Добавить в цитаты Настройки чтения

Страница 41 из 43



Философские игры в бисер

Владимир Очкин

Кто сегодня делает философию в России / Автор-составитель А.С. Нилогов. Т. 1. М.: Поколение, 2007.

Скажите мне, какой чудесный клад

Несёте вы поведать человеку.

Н.А. Заболоцкий

…А мы всё ставим каверзный ответ

И не находим нужного вопроса.

В. С. Высоцкий

Первый том книги с заманчивым для мыслящего человека названием «Кто сегодня делает философию в России», вышедший в рамках проекта «Современная русская философия», представляет собой весьма объёмистое, прекрасно оформленное и отлично напечатанное издание, которым, несомненно, захочется пополнить свою библиотеку отнюдь не только философу по профессии. К сожалению, тираж — всего 3 тысячи экземпляров, что явно маловато даже для наших столиц, не говоря уж о провинции. Книга состоит из Введения («Что такое современная русская философия?» и «Вечное «дежавю» философии»), написанного А. Нилоговым, и двух частей: «Философские беседы» и «Философские манифесты».

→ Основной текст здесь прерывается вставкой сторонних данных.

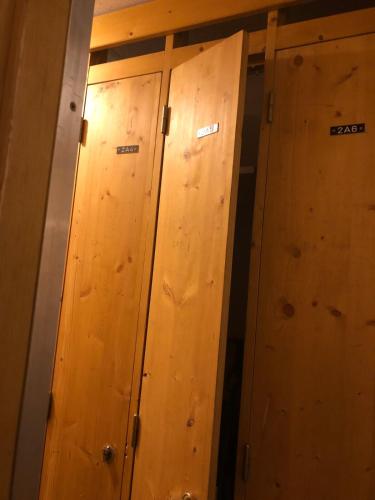 Studio cabin for 2 adults and 2 childrens with private parking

В совокупности получается 31 идейно-психолого-социальный — поскольку даны вкратце сведения о каждом мыслителе — и даже визуальный (фотографии предваряют каждый текст и украшают обложку книги) портрет тех, кто олицетворяет нынешний философский «класс» (клан? страту? бомонд?). Кое-кто из этого сообщества представлен в обеих частях книги, некоторые — лишь в одной. В целом такая композиция даёт внимательному читателю возможность составить себе более или менее чёткое представление о некоторой части (перед нами ведь лишь первый том!) персоналий современной российской философии. А вместе с тем, соответственно, и об идейном содержании и состоянии этой самой философии, о том, каковы те теоретические плоды («чудесные клады»), которые она может предложить публике.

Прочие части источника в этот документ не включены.